Saturday, July 7, 2012
The Minds of Others....
The thing that is happening, that I never expected, is that people are starting to tell me that I don't need to lose that much more weight. I'm only half-way to my goal!
At church last Sunday I heard this "you don't need to lose much more" from a couple of people. It kind of threw me. There's a danger that I could take their words to heart and quit working on my plan. So I've been thinking about it. But I have to realize that they are seeing a big change. I weigh less now than I have in over 20 years. People are used to seeing me really big, and taking off 63 pounds makes a difference in how I look. Also, I know from my own experiences with friends losing weight in the past, that sometimes their success made me uncomfortable. It's easier to feel okay about being overweight if you hang around overweight people. If one of those people starts changing, it can feel a little threatening.

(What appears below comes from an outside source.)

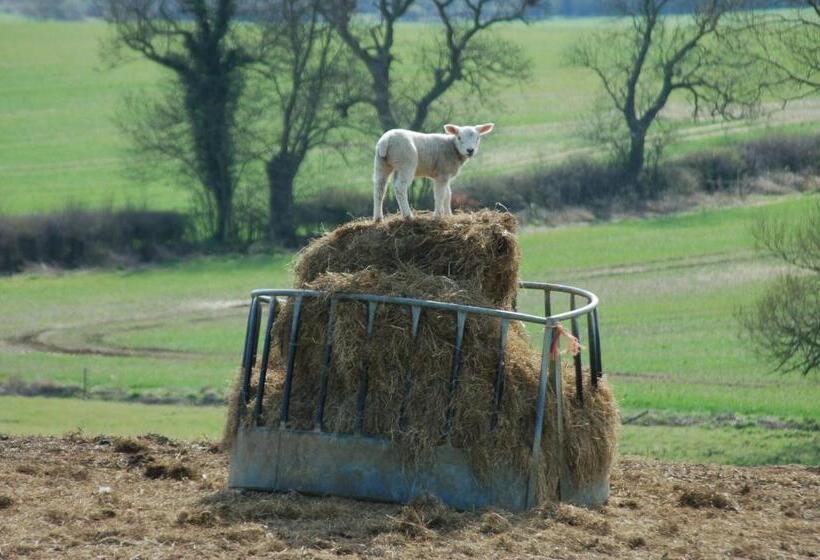 ベッドアンドブレックファースト Slapton Manor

I'm just trying to keep all this in mind as I negotiate this portion of my journey. I know my friends want the best for me, but some of them may be feeling uncomfortable with the changes they are seeing. I think God let me go through my own "unfamiliarness" feelings before this came up, so that I could understand that although this is my journey, I'm not in it alone. The things we do in our lives affect the people around us, for good or ill. I need to be understanding of my friends as they adjust to the smaller "me", as well as being understanding of myself.
Bottom line is that I'm not ending the journey here. But I continue to be amazed at what God is teaching me! He is amazing!